Drink osmosis I swear is a real thing. When we make one of those drinks, I swear I can feel the sugar rush in me. I had to go wash my hands after making it; you just feel sticky. The green beans (what we call new Sbux employees) always try weird drinks like this--there's usually a little left in the blender and we pour it into a sample cup and they taste it. I don't know how or why it is, but every drink like this, whether hot, iced, or frozen, no matter what the syrup/cold foam situation/combination is, if you have more than three sweeteners, it just tastes like someone dumped an entire box of Splenda in it. Not sugar, Splenda. It just tastes unnaturally sweet. Could be matcha, strawberry cold foam, brown sugar, and vanilla or white mocha, mocha, caramel, and cinnamon dolce, doesn't matter--tastes basically the same. We know the green beans have fully roasted when they no longer want to try the overly-customized drinks. :rofl:
 
In most cases, this does not go to the guide. When I’ve provided trail rides, I’ve been paid $10-15/ride which includes all pre and post ride care (tacking, grooming, bathing, turnout, etc.). The rest goes to the owners of the barn/horses/facility. Generally, no show fees are charged (full rate with no cancellation) and $0 go to the guide — horses are still groomed and ready for the ride and then untracked, turned out and tack cleaned after all for no money. If they cancel within a certain number of hours, some refund a percentage, but again, nothing goes to the guide. So yeah, it’s fun. This has been my experience across several facilities.

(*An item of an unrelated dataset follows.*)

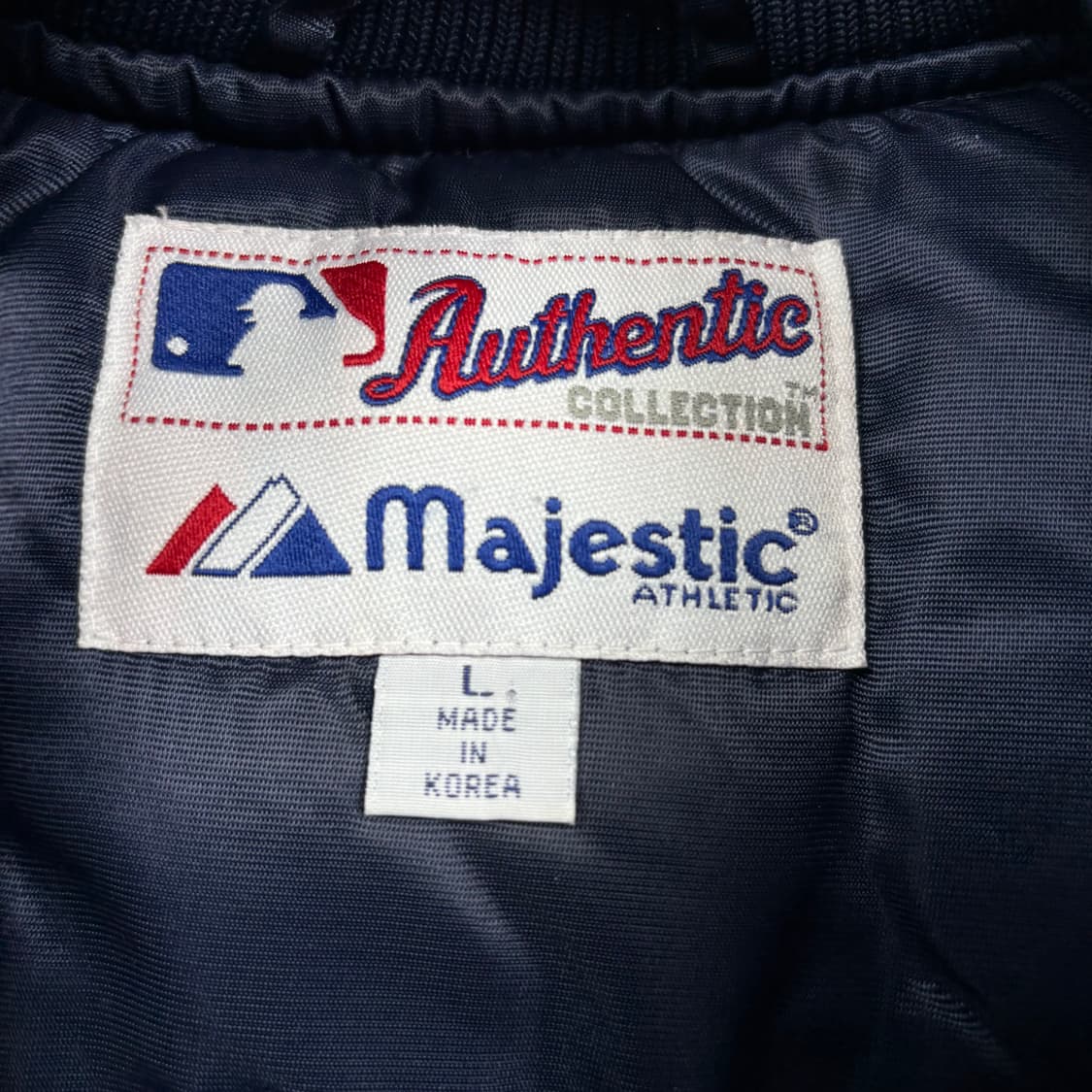 마제스틱 내이비컬러 뉴욕 양키스 스타디움 자켓 상품이미지3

Sorry to hear about your experience as a trail guide. Underpaid for the work you do.
 
Interesting that they were so honest that it doesn’t go to staff.
It's the law here - if you have a service charge, the receipt must say where it goes, and what percent, if it's split between the house and staff.

sk8pics:
The restaurant charges 22% basically just for being will to have you come in and eat dinner? And do they wonder why they’re closing? That sounds crazy to me. It’s one thing if they charge a credit card transaction fee, or add the gratuity to a large party’s bill, but 22% just because? Wow.
Restaurants do this to avoid raising their menu prices to what it needs to be to cover their costs. As I mentioned upthread, Seattle minimum wage for tipped workers went up $3/hr Jan 1 - the service charge thing has been around since Seattle instituted mandatory sick/safe leave in 2012, but it's really picked up since the minimum wage hikes went into effect a few years ago.